(Scraped caption text data)
== Segment start ==
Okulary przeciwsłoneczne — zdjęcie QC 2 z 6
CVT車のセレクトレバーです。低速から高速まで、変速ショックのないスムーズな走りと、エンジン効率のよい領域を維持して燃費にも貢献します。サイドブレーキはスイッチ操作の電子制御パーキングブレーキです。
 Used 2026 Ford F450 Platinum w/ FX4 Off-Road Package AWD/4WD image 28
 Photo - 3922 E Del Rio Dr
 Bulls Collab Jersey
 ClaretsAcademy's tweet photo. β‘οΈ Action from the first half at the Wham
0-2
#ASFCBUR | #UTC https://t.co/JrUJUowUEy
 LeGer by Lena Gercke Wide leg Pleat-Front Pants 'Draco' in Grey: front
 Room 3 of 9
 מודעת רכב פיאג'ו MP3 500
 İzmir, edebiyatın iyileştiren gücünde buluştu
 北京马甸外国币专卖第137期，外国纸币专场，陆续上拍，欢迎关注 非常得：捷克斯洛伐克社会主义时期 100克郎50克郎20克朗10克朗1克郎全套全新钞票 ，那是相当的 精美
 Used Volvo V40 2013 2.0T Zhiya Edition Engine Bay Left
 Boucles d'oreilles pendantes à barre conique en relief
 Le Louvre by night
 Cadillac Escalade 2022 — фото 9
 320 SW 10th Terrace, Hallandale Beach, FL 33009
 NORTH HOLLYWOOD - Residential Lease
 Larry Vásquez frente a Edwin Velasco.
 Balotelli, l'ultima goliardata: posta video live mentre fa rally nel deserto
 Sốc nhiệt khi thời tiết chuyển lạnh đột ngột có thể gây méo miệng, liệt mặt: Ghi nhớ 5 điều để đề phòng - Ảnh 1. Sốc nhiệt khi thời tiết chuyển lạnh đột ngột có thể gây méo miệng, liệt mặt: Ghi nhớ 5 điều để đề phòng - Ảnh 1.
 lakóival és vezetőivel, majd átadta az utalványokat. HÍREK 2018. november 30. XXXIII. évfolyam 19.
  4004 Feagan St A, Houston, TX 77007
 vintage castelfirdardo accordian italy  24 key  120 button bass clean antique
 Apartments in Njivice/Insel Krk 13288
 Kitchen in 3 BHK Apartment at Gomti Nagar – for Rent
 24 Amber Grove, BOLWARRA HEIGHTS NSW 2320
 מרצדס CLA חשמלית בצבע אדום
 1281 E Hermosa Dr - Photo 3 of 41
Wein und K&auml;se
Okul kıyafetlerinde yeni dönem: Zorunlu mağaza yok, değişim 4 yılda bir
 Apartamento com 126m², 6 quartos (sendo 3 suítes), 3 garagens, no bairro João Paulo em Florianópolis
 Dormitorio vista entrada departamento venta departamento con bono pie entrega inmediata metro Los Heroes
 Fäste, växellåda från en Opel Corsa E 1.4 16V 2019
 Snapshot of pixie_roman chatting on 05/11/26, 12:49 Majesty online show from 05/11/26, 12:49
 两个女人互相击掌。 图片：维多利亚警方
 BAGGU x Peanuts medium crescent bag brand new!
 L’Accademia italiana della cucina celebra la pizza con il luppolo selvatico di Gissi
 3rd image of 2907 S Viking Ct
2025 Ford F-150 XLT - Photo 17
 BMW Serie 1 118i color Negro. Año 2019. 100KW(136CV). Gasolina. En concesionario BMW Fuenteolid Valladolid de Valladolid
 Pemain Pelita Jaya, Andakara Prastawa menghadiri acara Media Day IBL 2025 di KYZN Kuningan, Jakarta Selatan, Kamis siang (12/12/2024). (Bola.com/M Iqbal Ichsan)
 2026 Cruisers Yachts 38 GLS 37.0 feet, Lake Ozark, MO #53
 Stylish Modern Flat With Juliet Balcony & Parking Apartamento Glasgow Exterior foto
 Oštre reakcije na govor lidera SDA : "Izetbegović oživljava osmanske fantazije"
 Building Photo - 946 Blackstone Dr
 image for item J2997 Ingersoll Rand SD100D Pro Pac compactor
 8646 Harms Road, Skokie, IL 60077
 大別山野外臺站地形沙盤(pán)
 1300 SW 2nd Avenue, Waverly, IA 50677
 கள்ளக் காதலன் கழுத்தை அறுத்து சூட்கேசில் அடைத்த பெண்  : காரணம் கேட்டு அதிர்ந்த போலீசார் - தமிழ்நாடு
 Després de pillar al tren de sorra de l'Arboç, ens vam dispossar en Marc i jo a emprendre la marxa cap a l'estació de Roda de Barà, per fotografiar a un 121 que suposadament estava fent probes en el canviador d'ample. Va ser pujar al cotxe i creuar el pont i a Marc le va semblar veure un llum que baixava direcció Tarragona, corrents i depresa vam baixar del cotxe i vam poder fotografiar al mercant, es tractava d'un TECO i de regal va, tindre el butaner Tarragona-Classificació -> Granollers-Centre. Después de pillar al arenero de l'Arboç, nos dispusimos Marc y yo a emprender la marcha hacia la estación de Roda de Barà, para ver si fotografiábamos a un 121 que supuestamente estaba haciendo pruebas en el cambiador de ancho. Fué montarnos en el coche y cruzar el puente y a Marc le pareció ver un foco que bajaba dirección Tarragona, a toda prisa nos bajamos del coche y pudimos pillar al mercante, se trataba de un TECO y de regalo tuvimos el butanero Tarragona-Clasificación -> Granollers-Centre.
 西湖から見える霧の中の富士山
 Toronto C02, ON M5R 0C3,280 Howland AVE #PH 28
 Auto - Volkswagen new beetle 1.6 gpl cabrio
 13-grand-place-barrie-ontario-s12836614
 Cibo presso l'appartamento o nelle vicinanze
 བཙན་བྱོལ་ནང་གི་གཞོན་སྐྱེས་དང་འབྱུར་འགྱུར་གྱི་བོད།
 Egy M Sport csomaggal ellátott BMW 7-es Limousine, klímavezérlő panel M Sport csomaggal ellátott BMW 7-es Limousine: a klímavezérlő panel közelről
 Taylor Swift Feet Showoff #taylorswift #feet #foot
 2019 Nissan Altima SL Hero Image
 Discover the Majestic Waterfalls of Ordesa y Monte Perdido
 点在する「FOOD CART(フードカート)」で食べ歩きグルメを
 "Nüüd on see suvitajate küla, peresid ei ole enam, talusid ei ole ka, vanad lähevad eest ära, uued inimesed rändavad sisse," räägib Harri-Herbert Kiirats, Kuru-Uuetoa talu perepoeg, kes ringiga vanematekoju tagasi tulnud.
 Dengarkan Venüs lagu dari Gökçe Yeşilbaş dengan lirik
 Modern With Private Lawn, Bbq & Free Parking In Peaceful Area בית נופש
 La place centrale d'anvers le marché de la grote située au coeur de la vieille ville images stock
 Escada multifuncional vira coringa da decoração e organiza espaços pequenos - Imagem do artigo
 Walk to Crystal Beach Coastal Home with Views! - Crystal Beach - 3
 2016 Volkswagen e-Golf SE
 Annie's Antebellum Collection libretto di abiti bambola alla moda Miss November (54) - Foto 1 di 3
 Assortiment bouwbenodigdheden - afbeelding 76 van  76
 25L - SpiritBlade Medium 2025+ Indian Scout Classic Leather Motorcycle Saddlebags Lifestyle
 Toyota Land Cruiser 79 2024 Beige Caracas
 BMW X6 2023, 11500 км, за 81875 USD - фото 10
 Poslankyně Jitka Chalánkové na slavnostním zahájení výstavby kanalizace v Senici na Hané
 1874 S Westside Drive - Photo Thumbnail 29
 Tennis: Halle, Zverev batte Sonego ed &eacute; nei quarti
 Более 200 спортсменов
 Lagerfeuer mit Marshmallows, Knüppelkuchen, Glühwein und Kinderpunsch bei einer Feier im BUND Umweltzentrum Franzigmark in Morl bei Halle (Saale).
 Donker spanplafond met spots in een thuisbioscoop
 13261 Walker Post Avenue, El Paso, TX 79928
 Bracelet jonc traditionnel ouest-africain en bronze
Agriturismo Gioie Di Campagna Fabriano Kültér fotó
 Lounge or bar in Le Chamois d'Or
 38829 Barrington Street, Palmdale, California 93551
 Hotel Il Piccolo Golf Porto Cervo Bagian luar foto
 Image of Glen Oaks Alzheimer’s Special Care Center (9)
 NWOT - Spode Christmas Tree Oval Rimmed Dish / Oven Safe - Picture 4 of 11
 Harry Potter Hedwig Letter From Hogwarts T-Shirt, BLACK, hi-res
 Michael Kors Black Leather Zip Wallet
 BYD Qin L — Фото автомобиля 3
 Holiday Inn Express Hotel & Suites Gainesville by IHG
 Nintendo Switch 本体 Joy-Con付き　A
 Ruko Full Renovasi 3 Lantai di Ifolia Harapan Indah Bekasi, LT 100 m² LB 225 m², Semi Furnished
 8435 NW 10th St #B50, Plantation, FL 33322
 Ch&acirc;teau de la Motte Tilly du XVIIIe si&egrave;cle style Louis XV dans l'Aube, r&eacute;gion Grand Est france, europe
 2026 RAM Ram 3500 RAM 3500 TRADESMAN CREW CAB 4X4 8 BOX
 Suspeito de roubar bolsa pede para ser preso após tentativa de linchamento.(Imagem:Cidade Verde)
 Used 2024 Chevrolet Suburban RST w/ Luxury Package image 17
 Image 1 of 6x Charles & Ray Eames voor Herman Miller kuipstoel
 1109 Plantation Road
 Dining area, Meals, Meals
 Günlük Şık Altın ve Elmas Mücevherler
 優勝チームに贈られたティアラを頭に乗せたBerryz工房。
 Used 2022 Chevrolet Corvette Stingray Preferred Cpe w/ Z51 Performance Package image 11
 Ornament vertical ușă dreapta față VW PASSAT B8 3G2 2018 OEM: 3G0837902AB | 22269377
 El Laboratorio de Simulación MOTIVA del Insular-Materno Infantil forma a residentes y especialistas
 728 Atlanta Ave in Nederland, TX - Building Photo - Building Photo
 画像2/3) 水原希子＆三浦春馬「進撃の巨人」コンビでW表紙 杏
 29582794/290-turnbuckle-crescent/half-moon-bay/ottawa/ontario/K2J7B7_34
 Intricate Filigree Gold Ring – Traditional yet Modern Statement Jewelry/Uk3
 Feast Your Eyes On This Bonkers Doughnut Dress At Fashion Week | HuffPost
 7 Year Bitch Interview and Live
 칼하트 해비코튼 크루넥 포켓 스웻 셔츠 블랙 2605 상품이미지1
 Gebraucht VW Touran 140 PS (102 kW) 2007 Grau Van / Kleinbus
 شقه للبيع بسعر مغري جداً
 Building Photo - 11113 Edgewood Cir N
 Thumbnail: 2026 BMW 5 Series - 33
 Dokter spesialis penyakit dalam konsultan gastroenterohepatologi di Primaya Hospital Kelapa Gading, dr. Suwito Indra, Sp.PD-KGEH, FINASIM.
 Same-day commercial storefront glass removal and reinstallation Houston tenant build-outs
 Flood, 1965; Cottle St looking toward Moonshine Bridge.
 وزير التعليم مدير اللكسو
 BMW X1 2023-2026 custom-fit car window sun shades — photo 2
== Segment end ==
- **Work item**: Copy out each line of the data above, exactly, if it lies between the line holding "Toronto C02, ON" and the line holding "2016 Volkswagen e-Golf SE", inclusive; copy no other line.

- **Response**:
 Toronto C02, ON M5R 0C3,280 Howland AVE #PH 28
 Auto - Volkswagen new beetle 1.6 gpl cabrio
 13-grand-place-barrie-ontario-s12836614
 Cibo presso l'appartamento o nelle vicinanze
 བཙན་བྱོལ་ནང་གི་གཞོན་སྐྱེས་དང་འབྱུར་འགྱུར་གྱི་བོད།
 Egy M Sport csomaggal ellátott BMW 7-es Limousine, klímavezérlő panel M Sport csomaggal ellátott BMW 7-es Limousine: a klímavezérlő panel közelről
 Taylor Swift Feet Showoff #taylorswift #feet #foot
 2019 Nissan Altima SL Hero Image
 Discover the Majestic Waterfalls of Ordesa y Monte Perdido
 点在する「FOOD CART(フードカート)」で食べ歩きグルメを
 "Nüüd on see suvitajate küla, peresid ei ole enam, talusid ei ole ka, vanad lähevad eest ära, uued inimesed rändavad sisse," räägib Harri-Herbert Kiirats, Kuru-Uuetoa talu perepoeg, kes ringiga vanematekoju tagasi tulnud.
 Dengarkan Venüs lagu dari Gökçe Yeşilbaş dengan lirik
 Modern With Private Lawn, Bbq & Free Parking In Peaceful Area בית נופש
 La place centrale d'anvers le marché de la grote située au coeur de la vieille ville images stock
 Escada multifuncional vira coringa da decoração e organiza espaços pequenos - Imagem do artigo
 Walk to Crystal Beach Coastal Home with Views! - Crystal Beach - 3
 2016 Volkswagen e-Golf SE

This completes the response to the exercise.